Activity - Pictures in the data should be dropped; transcribe exactly the lines from the one that has "LV Double Blade Male Terminal 6.3mm 9 Pack" through the one that has "Backdrop from Rag Dolly in the U.S.S.R.".

Raw data -
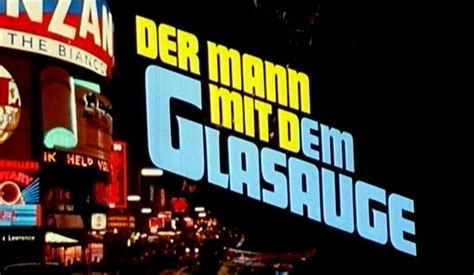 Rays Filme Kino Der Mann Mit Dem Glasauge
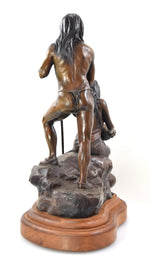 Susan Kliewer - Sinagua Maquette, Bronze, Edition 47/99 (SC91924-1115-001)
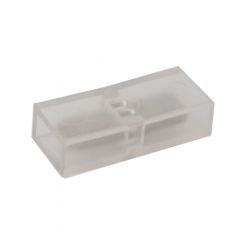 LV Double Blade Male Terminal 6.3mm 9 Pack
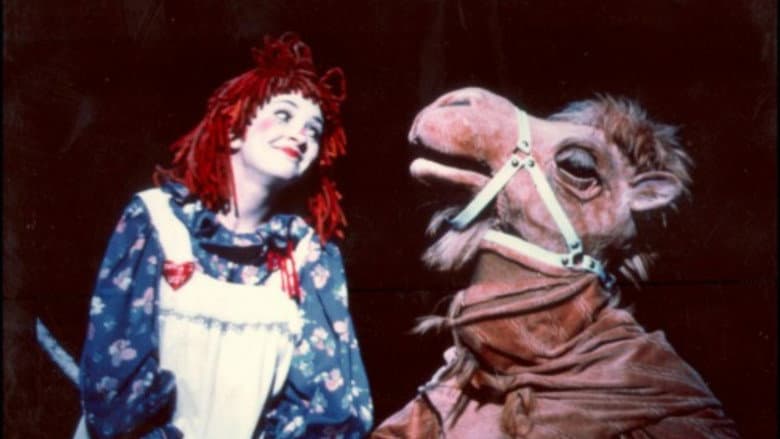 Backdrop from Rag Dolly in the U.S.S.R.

* * *

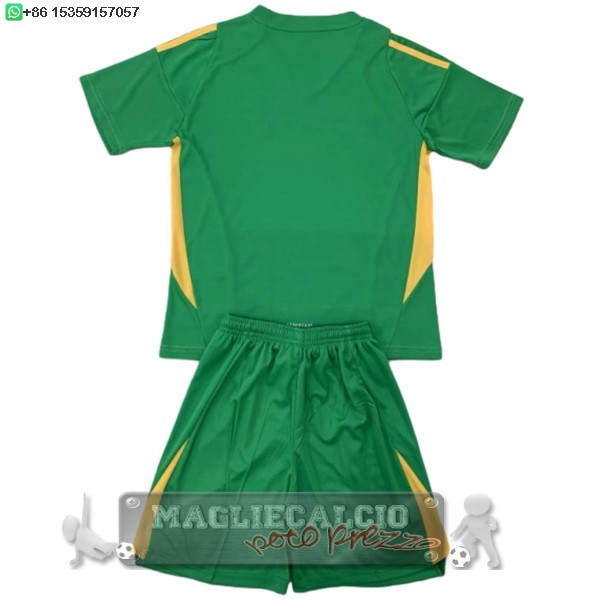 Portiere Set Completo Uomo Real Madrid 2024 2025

Reply -
 LV Double Blade Male Terminal 6.3mm 9 Pack
 Backdrop from Rag Dolly in the U.S.S.R.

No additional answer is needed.